In this workshop, participants will join forces to analyze the main axes of transformation of authorship. Participants include experts on the topic of authorship, other key players in the scholarly authorship process (editors, publishers, reviewers, evaluators), and non-academic authors (performance artists, journalists, media specialists).
The workshop takes as a starting point the changing conditions and practices of authorship and the need to understand these in a grounded way. Various aspects of ‘new forms of authorship’ have been put forth by science and technology scholars, biomedical scientists, economists, natural scientists, and historians and philosophers of science.
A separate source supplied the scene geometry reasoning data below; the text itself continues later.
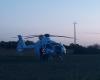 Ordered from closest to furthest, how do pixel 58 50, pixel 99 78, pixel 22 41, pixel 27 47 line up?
pixel 99 78 < pixel 58 50 < pixel 27 47 < pixel 22 41

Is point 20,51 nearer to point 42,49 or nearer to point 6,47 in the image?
point 42,49

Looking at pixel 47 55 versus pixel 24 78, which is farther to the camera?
pixel 47 55

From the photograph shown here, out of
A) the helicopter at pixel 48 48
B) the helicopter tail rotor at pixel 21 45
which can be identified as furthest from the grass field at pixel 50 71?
Result: the helicopter tail rotor at pixel 21 45

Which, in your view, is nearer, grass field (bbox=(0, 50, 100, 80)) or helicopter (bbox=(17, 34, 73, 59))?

These include the role of professional ghost writers; the emergence of databases as main channels for scientific output; novel types of communication platforms, web-based reporting in social media and interactive websites; the increased role of software, instrumentation, and robots in the production of data and scientific manuscripts; inflated publication lists through repetition or extreme partition of output; and authorships as reward for institutional support or as expression of institutional hierarchies. Up to now, these aspects have not been brought together, nor were they mobilized to better understand the recurring crises of trust in scientists that are now part of daily news about science. We therefore combine them to ask: What does “authorship” mean in the 21st century?
The goal of the workshop is two-fold: to develop a new research program that systematically addresses the most fundamental transformations of authorship, and to formulate practical recommendations for those responsible for evaluating authorship.